WORK TASK:
When you reach the line containing "If you love" in the records below, start copying exactly, and stop once you have copied the line containing "The Hitachi DS-18".

Items listed in a dataset:
- - -
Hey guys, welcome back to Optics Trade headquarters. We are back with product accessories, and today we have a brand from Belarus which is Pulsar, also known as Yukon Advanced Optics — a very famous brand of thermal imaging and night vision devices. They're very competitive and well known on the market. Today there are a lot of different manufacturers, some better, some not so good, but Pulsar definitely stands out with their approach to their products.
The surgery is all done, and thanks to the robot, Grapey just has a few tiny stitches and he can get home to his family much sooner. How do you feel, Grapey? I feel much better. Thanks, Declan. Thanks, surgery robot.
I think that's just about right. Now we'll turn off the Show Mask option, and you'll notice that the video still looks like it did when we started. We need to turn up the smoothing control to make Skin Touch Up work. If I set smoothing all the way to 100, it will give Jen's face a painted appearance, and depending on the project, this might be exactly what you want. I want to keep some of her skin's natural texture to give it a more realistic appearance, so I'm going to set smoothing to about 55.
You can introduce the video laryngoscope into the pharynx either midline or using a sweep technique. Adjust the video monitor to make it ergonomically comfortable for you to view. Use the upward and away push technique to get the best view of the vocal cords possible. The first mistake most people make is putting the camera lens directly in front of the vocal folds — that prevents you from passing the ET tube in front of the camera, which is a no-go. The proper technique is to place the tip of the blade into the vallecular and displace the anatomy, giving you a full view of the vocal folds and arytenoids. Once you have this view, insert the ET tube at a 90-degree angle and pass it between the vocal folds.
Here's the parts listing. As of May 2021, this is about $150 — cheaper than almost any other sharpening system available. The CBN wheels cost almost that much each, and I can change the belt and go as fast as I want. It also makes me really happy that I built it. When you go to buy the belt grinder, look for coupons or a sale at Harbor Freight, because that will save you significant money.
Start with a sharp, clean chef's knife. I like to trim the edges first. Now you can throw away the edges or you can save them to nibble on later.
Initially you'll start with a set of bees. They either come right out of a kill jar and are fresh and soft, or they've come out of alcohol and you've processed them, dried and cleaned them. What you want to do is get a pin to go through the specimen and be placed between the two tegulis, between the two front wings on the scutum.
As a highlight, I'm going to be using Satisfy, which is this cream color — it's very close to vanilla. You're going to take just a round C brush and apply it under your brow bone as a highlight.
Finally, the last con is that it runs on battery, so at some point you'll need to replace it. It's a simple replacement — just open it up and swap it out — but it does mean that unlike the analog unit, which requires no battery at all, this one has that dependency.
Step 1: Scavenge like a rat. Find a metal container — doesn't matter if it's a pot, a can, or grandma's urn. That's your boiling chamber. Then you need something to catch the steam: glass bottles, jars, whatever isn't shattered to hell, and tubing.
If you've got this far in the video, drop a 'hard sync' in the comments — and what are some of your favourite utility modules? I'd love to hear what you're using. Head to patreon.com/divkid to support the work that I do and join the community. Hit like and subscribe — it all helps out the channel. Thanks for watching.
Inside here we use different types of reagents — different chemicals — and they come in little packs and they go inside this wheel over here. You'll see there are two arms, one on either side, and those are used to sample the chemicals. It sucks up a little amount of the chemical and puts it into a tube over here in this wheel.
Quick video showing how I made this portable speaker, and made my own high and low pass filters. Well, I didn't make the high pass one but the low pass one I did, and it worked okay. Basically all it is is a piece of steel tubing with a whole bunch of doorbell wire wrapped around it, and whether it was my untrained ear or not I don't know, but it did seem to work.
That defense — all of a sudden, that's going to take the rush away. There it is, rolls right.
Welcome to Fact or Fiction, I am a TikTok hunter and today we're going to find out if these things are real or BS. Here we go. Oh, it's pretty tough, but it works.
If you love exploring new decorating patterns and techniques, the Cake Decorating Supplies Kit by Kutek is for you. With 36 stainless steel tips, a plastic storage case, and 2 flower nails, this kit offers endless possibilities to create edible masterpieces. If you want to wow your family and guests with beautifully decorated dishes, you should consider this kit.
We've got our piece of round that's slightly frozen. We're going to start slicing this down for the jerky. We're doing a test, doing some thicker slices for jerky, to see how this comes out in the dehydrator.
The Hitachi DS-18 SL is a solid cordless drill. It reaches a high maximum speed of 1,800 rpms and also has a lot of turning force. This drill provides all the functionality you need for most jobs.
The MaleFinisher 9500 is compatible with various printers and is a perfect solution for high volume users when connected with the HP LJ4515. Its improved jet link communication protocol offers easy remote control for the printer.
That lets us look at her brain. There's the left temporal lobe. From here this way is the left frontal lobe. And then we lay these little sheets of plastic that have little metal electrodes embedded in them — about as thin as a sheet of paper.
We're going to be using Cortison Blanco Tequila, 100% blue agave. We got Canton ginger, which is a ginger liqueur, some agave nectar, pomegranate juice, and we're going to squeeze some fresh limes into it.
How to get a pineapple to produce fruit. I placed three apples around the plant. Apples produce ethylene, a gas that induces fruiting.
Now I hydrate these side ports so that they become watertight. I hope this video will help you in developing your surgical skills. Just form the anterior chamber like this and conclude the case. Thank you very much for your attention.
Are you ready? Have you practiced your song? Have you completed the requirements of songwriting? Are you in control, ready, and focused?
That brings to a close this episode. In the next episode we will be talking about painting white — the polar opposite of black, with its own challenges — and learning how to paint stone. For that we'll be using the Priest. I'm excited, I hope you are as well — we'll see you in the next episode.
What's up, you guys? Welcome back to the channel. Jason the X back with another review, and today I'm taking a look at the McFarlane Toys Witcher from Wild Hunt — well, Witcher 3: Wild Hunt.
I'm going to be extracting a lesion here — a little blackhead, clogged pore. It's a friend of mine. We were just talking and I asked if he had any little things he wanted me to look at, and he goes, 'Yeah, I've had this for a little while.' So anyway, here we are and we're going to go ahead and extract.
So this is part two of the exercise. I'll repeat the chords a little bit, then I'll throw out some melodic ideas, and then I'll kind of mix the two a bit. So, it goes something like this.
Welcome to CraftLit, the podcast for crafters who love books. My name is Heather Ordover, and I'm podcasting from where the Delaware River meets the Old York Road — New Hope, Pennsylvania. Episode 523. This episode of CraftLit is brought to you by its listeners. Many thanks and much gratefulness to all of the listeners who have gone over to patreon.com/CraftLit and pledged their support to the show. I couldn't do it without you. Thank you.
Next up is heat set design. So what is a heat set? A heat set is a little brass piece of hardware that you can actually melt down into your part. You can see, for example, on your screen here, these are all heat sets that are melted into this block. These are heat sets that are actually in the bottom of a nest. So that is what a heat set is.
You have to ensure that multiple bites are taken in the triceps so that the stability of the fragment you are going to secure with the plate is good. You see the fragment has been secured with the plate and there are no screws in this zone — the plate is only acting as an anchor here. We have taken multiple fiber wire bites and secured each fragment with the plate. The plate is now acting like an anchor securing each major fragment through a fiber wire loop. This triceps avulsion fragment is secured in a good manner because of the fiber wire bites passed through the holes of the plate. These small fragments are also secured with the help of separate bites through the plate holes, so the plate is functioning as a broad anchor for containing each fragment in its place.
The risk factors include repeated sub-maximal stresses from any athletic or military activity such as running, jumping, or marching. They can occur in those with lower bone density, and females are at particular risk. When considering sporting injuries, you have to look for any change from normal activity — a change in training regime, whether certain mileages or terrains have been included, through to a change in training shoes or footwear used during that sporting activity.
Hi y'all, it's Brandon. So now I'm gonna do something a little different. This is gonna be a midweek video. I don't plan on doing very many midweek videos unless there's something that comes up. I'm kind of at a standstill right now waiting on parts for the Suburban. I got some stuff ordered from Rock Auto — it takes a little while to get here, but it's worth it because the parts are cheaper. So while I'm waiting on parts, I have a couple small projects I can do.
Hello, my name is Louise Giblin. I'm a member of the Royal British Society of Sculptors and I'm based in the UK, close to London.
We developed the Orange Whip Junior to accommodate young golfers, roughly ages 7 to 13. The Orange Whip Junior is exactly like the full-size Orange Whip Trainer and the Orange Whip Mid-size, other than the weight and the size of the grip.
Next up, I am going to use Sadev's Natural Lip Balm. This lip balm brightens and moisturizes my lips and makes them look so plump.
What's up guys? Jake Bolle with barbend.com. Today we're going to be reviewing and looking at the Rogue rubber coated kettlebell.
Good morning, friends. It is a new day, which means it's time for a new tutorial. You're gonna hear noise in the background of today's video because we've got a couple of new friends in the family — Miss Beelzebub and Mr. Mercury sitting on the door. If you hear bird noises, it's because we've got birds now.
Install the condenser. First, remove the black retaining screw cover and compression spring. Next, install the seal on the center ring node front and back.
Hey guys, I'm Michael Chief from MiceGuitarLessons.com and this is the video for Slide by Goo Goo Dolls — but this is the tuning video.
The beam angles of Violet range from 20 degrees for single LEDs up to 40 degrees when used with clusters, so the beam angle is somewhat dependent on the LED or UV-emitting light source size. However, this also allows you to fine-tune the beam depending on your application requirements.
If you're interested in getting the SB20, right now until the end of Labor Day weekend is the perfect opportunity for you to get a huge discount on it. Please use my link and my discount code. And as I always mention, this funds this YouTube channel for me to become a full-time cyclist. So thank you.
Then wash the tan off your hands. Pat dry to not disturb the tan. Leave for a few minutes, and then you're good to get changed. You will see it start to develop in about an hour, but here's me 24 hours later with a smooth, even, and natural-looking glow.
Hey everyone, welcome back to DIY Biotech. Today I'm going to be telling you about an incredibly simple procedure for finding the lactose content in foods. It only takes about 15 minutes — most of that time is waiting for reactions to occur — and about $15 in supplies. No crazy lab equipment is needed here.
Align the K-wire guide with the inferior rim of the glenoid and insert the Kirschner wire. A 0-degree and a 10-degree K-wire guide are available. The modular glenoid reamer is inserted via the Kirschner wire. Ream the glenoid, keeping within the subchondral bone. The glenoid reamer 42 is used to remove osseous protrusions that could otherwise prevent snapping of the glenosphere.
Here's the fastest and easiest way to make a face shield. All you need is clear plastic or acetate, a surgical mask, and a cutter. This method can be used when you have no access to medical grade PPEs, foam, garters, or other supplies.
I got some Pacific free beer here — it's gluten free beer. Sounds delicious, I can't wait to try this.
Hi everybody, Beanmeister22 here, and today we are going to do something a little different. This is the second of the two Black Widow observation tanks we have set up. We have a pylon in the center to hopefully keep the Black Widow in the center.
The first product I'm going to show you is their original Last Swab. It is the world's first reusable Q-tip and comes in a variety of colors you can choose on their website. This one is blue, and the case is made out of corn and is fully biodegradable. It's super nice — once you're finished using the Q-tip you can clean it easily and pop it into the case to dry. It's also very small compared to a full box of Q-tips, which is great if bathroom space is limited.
- - -
SOLUTION TO THE PROBLEM:
If you love exploring new decorating patterns and techniques, the Cake Decorating Supplies Kit by Kutek is for you. With 36 stainless steel tips, a plastic storage case, and 2 flower nails, this kit offers endless possibilities to create edible masterpieces. If you want to wow your family and guests with beautifully decorated dishes, you should consider this kit.
We've got our piece of round that's slightly frozen. We're going to start slicing this down for the jerky. We're doing a test, doing some thicker slices for jerky, to see how this comes out in the dehydrator.
The Hitachi DS-18 SL is a solid cordless drill. It reaches a high maximum speed of 1,800 rpms and also has a lot of turning force. This drill provides all the functionality you need for most jobs.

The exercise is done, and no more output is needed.